(Image-text web data)

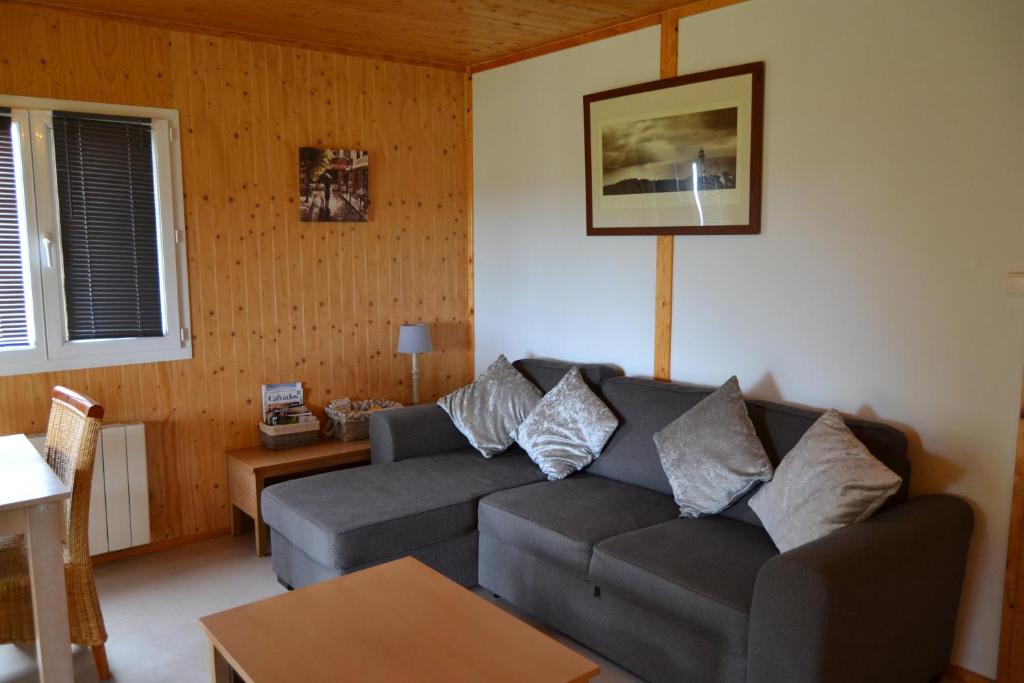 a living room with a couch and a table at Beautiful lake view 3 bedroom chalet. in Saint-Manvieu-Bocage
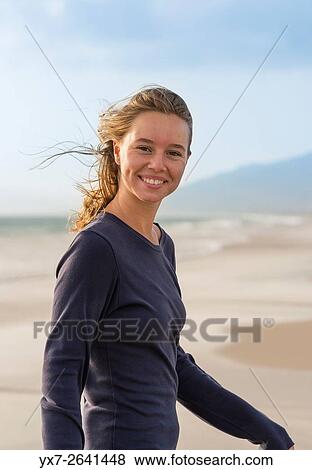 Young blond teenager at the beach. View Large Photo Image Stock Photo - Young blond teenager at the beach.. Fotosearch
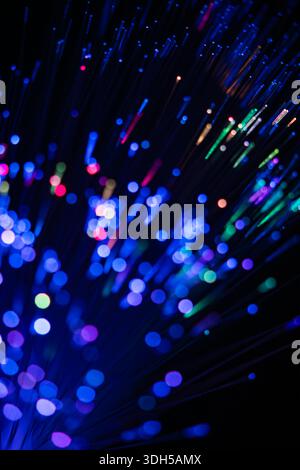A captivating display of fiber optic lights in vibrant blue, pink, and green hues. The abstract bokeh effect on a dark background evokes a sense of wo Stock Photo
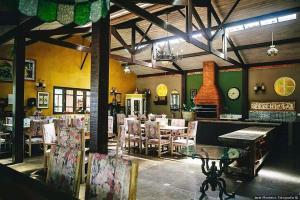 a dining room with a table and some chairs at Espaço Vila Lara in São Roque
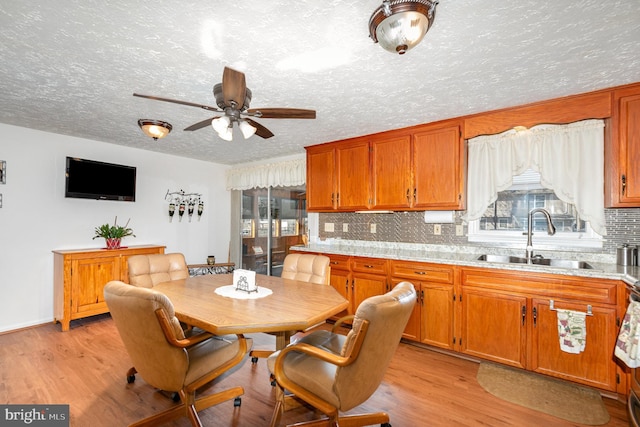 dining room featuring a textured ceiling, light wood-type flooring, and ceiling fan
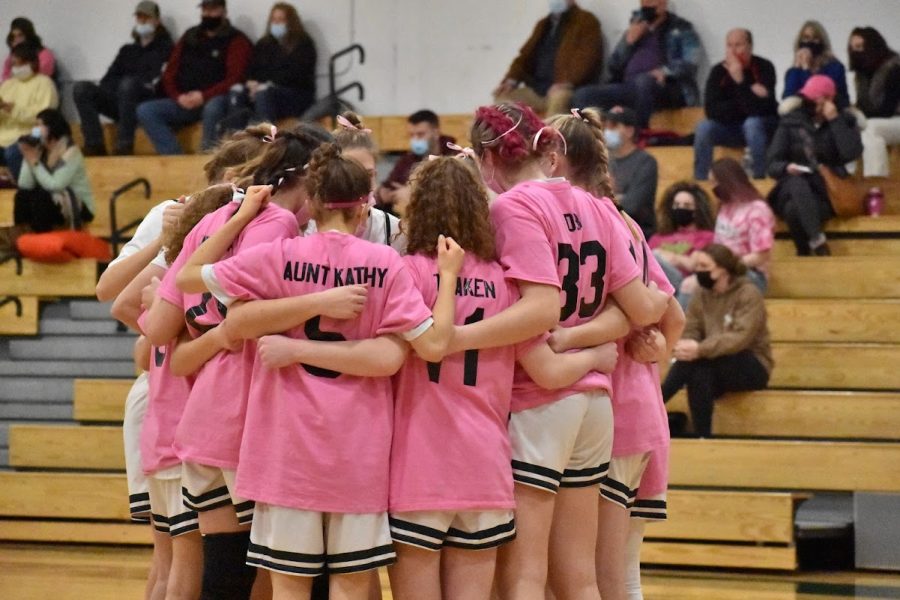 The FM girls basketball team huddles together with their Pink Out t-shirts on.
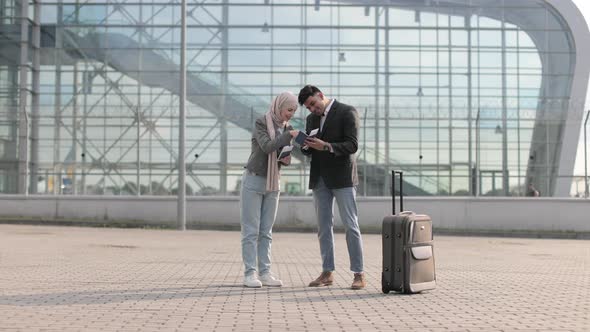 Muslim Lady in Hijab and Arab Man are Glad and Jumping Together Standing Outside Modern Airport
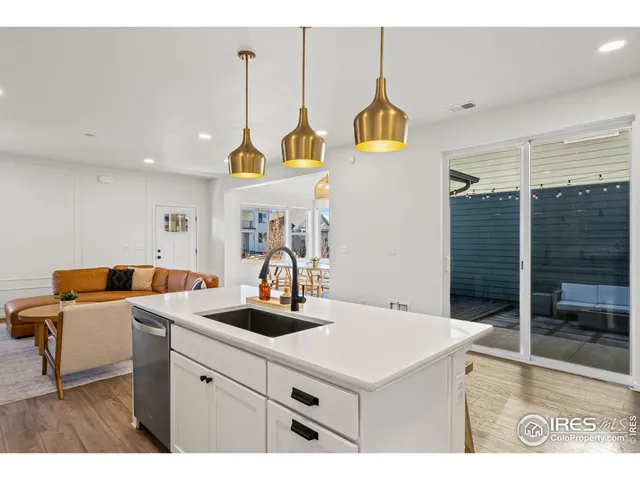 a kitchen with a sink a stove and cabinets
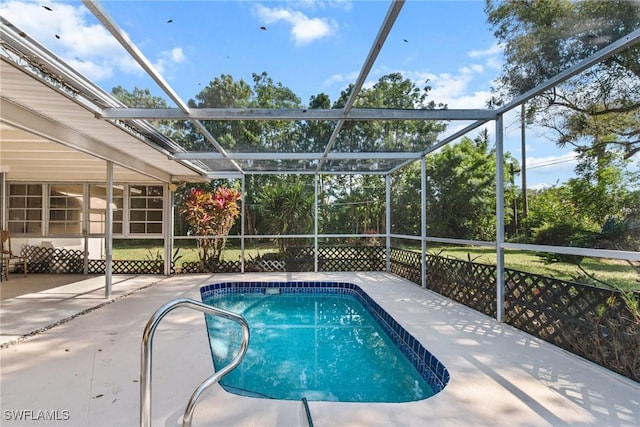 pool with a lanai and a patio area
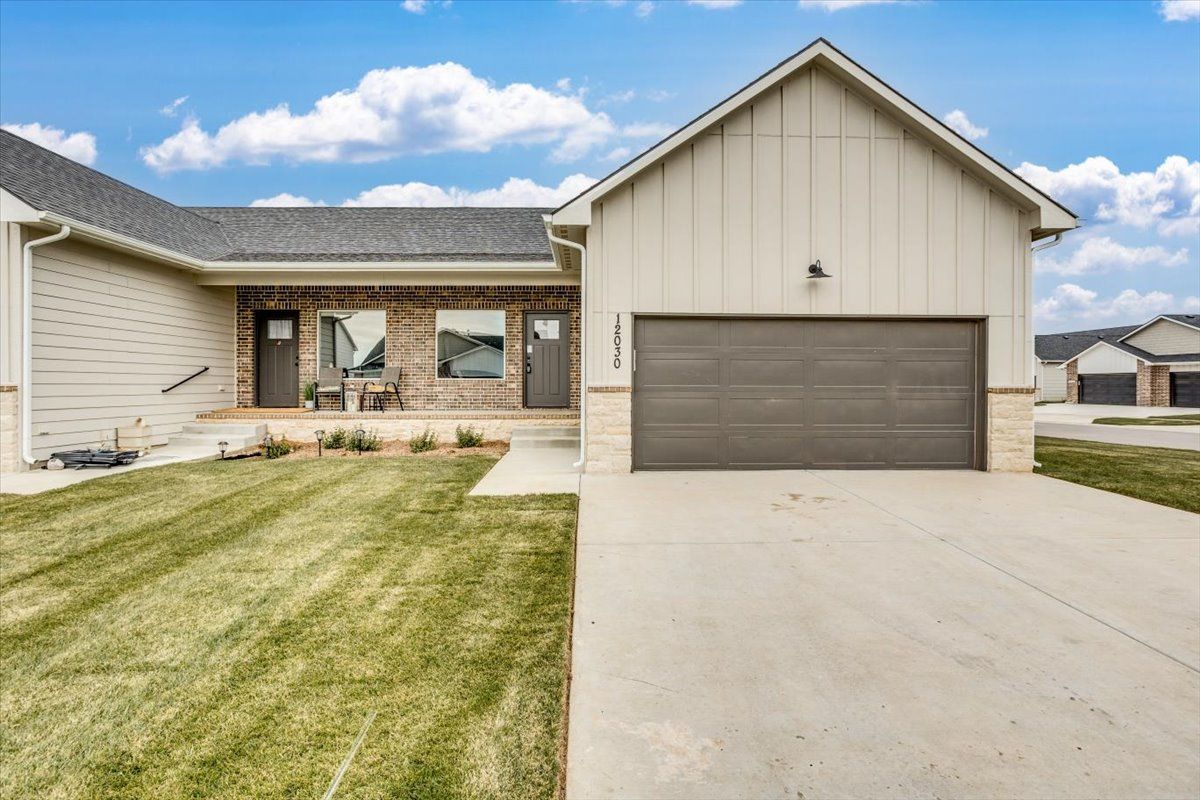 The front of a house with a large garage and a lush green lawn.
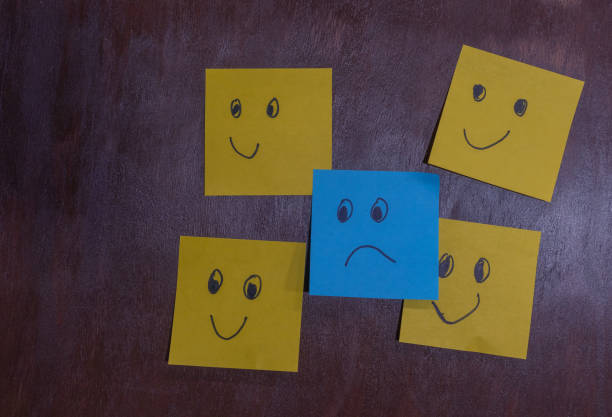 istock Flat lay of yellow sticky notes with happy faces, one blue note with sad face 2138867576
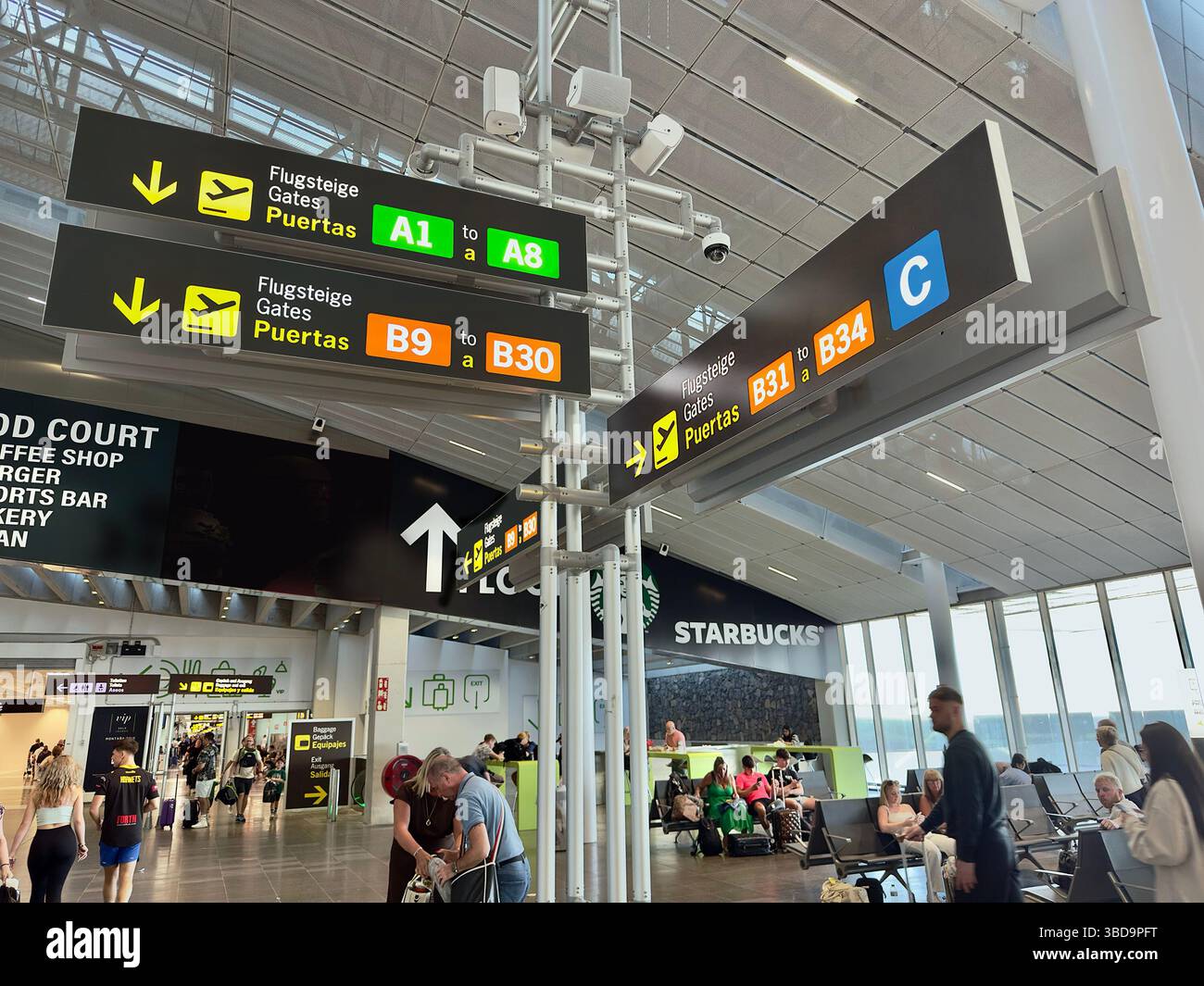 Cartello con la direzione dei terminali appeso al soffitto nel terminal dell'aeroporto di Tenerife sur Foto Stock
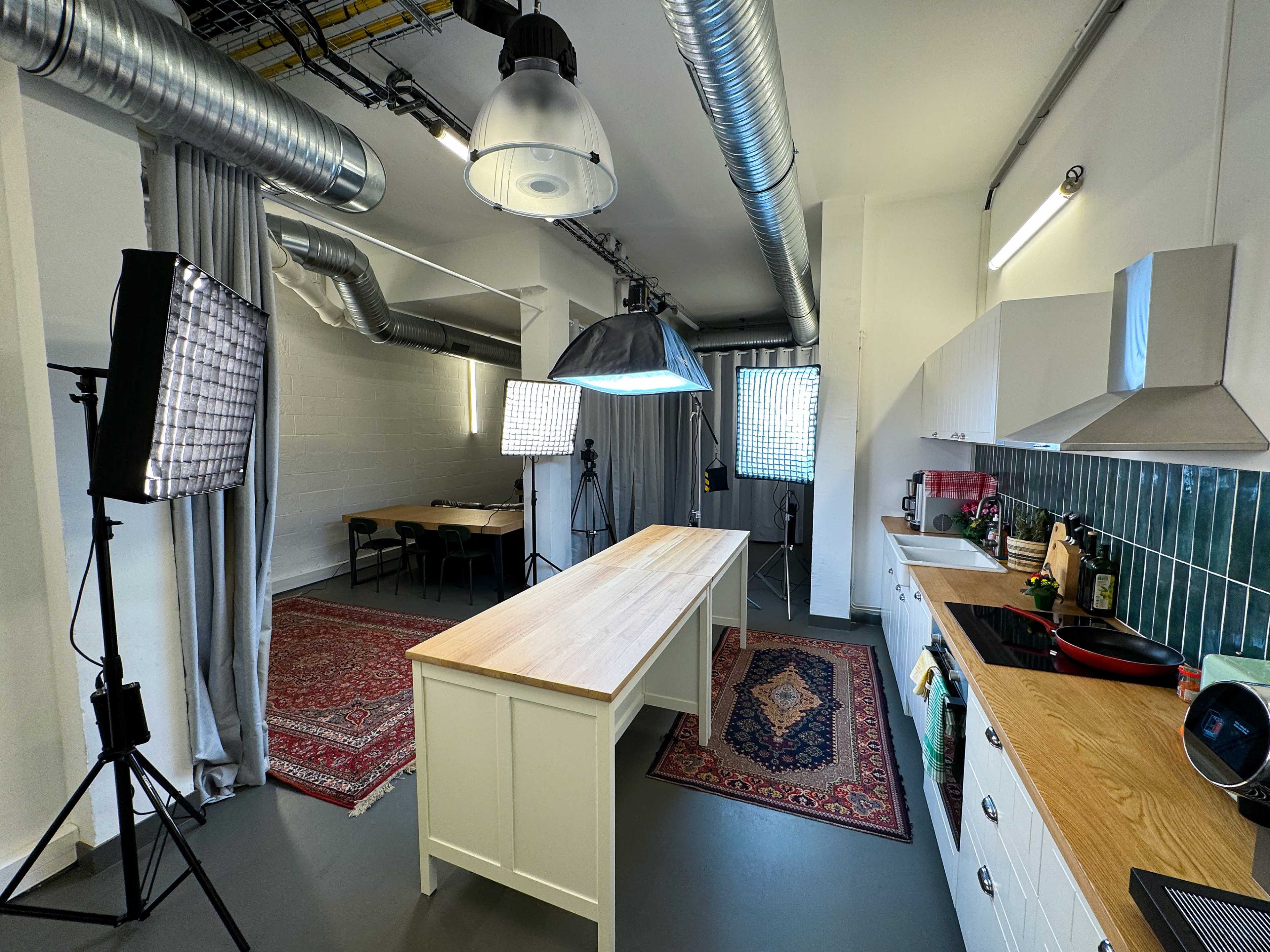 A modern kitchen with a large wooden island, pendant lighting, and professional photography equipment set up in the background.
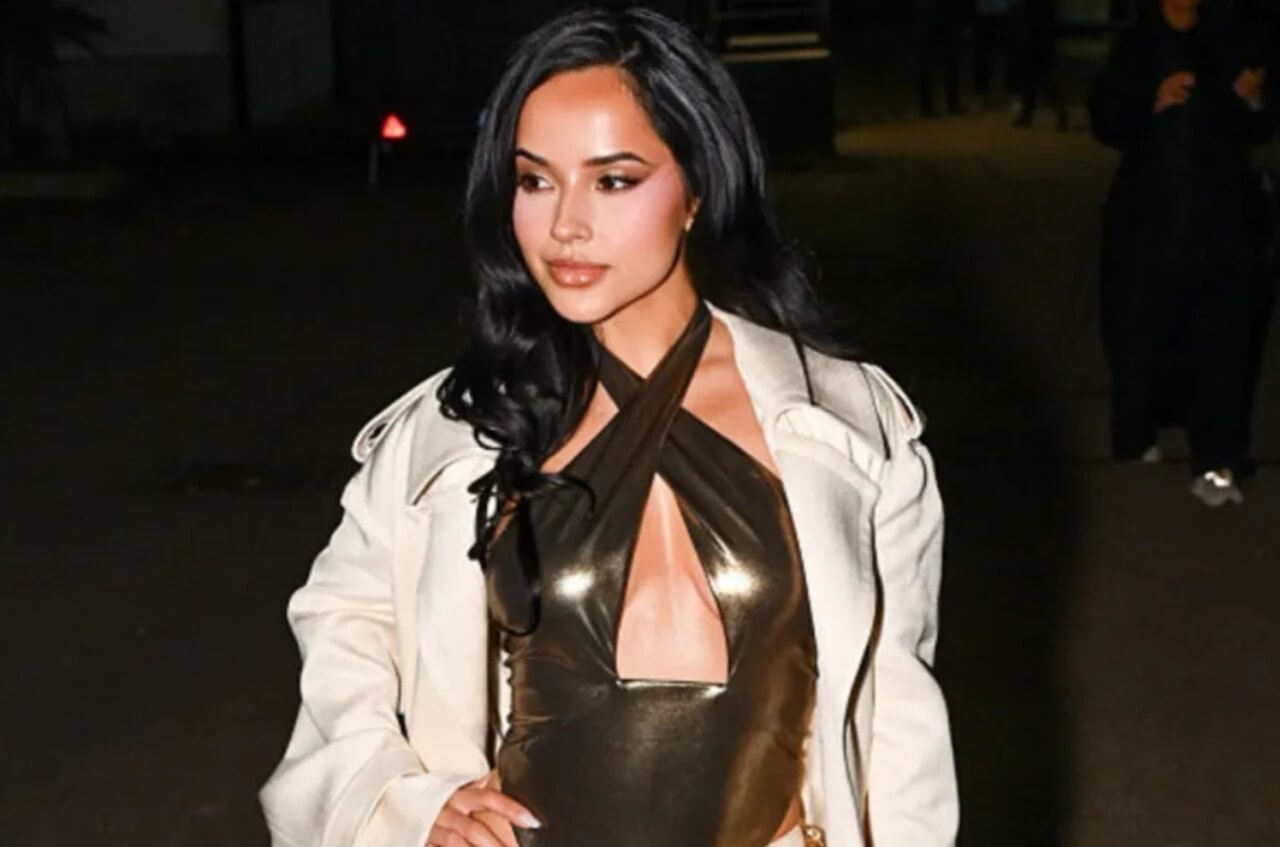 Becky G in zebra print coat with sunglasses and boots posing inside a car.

ASSIGNMENT:
In your copy, restate the data above word for word but leave out any picture.

ANSWER:
 a living room with a couch and a table at Beautiful lake view 3 bedroom chalet. in Saint-Manvieu-Bocage
 Young blond teenager at the beach. View Large Photo Image Stock Photo - Young blond teenager at the beach.. Fotosearch
A captivating display of fiber optic lights in vibrant blue, pink, and green hues. The abstract bokeh effect on a dark background evokes a sense of wo Stock Photo
 a dining room with a table and some chairs at Espaço Vila Lara in São Roque
 dining room featuring a textured ceiling, light wood-type flooring, and ceiling fan
 The FM girls basketball team huddles together with their Pink Out t-shirts on.
 Muslim Lady in Hijab and Arab Man are Glad and Jumping Together Standing Outside Modern Airport
 a kitchen with a sink a stove and cabinets
 pool with a lanai and a patio area
 The front of a house with a large garage and a lush green lawn.
 istock Flat lay of yellow sticky notes with happy faces, one blue note with sad face 2138867576
 Cartello con la direzione dei terminali appeso al soffitto nel terminal dell'aeroporto di Tenerife sur Foto Stock
 A modern kitchen with a large wooden island, pendant lighting, and professional photography equipment set up in the background.
 Becky G in zebra print coat with sunglasses and boots posing inside a car.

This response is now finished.